Eloquent and moving, I thought.
A father speaks for his son
02.24.2011 Times Union
My son, Furkan, was killed in May by the Israeli military while attempting to deliver humanitarian aid by sea to the Gaza Strip. As he was just 19, he asked his mother and me for our permission to participate. Our decision will be with us for the rest of our lives.
We could not crush his humanitarian impulse and say no to him. Parents the world over wrestle with questions of when to let their children pursue their dreams, and most reluctantly let go as their children enter early adulthood. We did the same and took parental satisfaction in his concern for others. But never did I imagine that the Israeli military would storm his ship, killing Furkan and eight others, and then blame our son and his co-passengers for their own deaths.
It is my responsibility to speak for my son and voice his concern for Palestinians in Gaza. It is my responsibility to stand up to an Israeli propaganda effort that has attempted to paint our beautiful child as a fanatic and not the caring young man we knew him to be.
Every major American TV network looped cherry-picked Israeli Defense Forces video of the events on the Mavi Marmara. Now it is my turn to travel to the United States, speak on my son’s behalf and attempt to achieve a measure of justice for him.
I will forever be proud of my son. He was a humanistic and conscientious child and a fine young man. I remember Furkan as unfailingly polite, helpful and generous. He disliked violence his entire life.
Deeply concerned by the plight of Palestinians suffering under the Israeli siege, he was determined to take humanitarian aid there with his own hands and give it to the children of Gaza. Furkan was well aware that the Israeli siege had made approximately 80 percent of Palestinians in Gaza dependent on aid and that educational opportunities for children were being foreclosed for lack of schools and textbooks.
He wanted to breathe the same air as these children, commiserate and make life a bit more bearable for them.
In recent years, he became alert to the injustices to which Israel subjects Palestinians — the siege of Gaza, the two-tiered legal system that discriminates against Palestinians and the colonization of the West Bank that strips Palestinians of their land and the potential for a Palestinian state.
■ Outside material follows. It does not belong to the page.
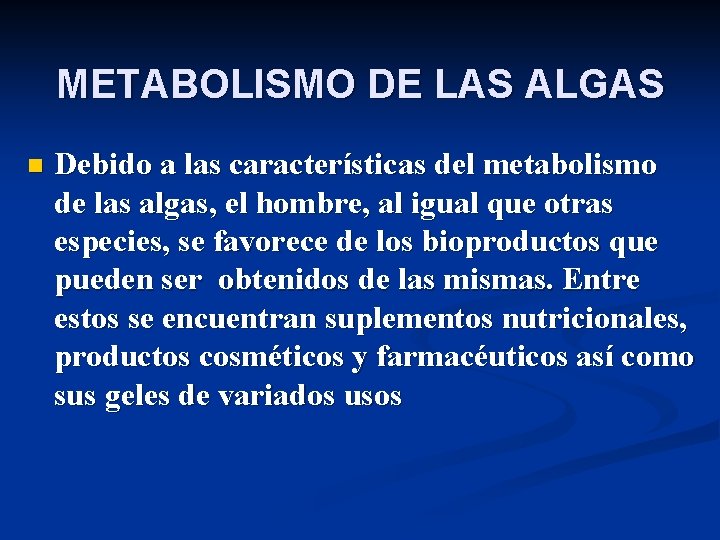 METABOLISMO DE LAS ALGAS n Debido a las características del metabolismo de las algas,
But Furkan’s particular sensitivity was always for the children, especially those killed and injured despite their obvious innocence. The killing of more than 300 Palestinian children during the 2008-2009 Israeli assault on Gaza profoundly influenced him and motivated him to participate in the humanitarian flotilla to Gaza. He was determined to find a solution to their need — to do something, to not look away as too much of the world was doing.
He never got the chance. While filming the Israeli takeover of his ship, he was shot five times and died on board.
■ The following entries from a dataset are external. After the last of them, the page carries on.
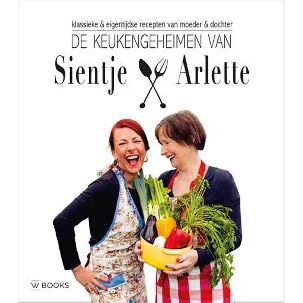 Afbeelding van De keukengeheimen van Sientje en Arlette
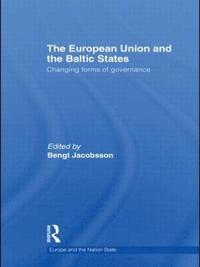 The European Union and the Baltic States; Bengt Jacobsson; 2009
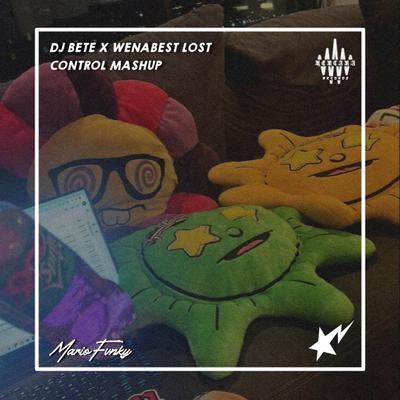 DJ BETE X WENABEST LOST CONTROL's cover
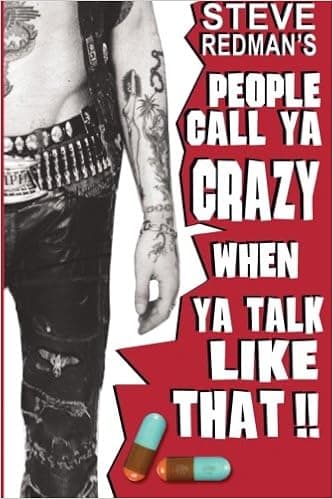 People Call Ya Crazy When Ya Talk Like That !!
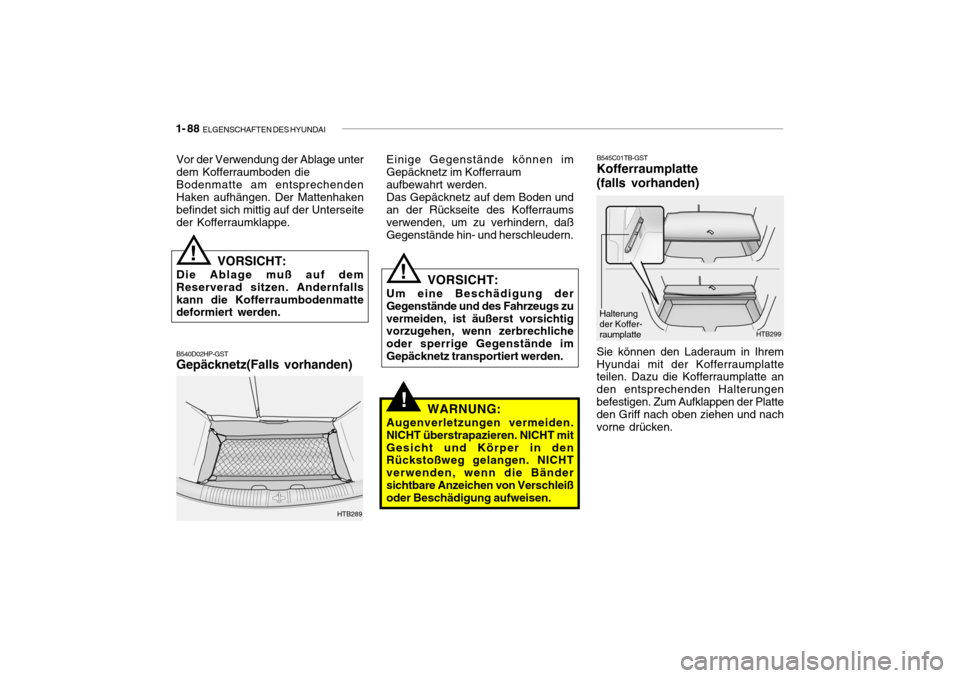 Hyundai Getz 2006  Betriebsanleitung (in German) 1- 88  ELGENSCHAFTEN DES HYUNDAI
!
Vor der Verwendung der Ablage unter dem Kofferraumboden die Bodenmatte am entsprechenden Haken aufhängen. Der Mattenhaken befindet sich mittig auf der Unterseiteder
Though Furkan was an American citizen born in Troy, American officials jumped to take Israel’s side, notwithstanding clear evidence that Israel selectively released footage to exonerate its soldiers for the deadly mayhem they unleashed while storming the humanitarian ship in the dead of night.
The Obama administration’s failure to support my son and my family’s humanitarian concern for Palestinians comes from the same misguided policy that has led to decades of support for Middle East autocrats and Israeli governments that have long oppressed Palestinians.
And the American position seems oblivious to the findings of the fact-finding mission of the Office of the United Nations High Commissioner for Human Rights.
The mission determined that the “circumstances of the killing of at least six of the passengers were in a manner consistent with an extra-legal, arbitrary and summary execution.” My son’s name was included among the six.
Faced with such facts, what family would not push Furkan’s government to take up his case? I am in Washington and New York City this week, not only to champion justice for my son, but also to remind Washington that the U.N. mission concluded that “a humanitarian crisis existed” in May 2010 in Gaza and that “for this reason alone the blockade is unlawful.”
Furkan, though young, also saw the bigger picture. He sought not simply humanitarian relief for Palestinians, but also freedom from Israeli subjugation. With freedom advancing in Tunisia, Egypt, and around the Gulf, Palestinians’ long efforts to free themselves from Israeli domination are also worthy of recognition and support.
Ahmet Dogan studied at Rensselaer Polytechnic Institute. He is an assistant professor of accounting at Erciyes University in Kayseri, Turkey.